It is well to note that we (the general American public) will be unsatisfied when the RH drops much below 35 to 30% RH in the wintertime in our homes, due to the static electricity, dry nasal passages, etc. So, that sets the bottom limit for many homes. Also, the US Forest Service maps assume heating to 72 F, which today is not always done and which dries out the air. So, the dry values are just not that common. In the summertime, we tend to see mold growth (like in the bathroom) and dampness (like in the bedding) when the humidity gets much above 65% RH. Likewise, the cooling coils on an air conditioning act like a dehumidifier. So, summertime average humidity is seldom above 50% RH inside a home and in many locations are drier.

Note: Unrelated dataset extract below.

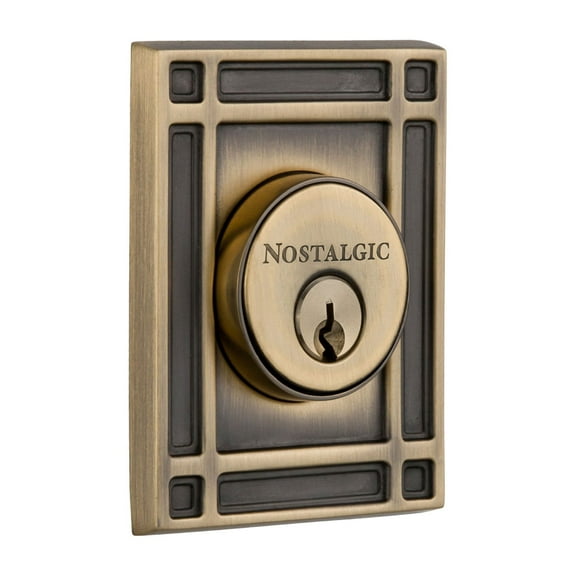 Nostalgic Warehouse Mismis_2Cyl_234_Na Mission Solid Brass Double Cylinder Deadbolt -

That having been said, and using the fact that shrinkage is more of a problem that swelling, we will target the lower MC range in millwork, cabinets, furniture and so on. You will find that 6.5% MC will be suitable for most of the USA. In the old days, some said 6 to 8 % MC and others said 6 to 9% MC. This still persists and it is this old value (when used in today's modern structures) that keeps my consulting business running - perhaps 75% of the manufacturing calls I get involve lumber and wood products that are at the wrong MC for their environment. Bottom line is that it is probably impossible moisture-wise to make one product that will perform perfectly in any location in the USA, Canada or the world.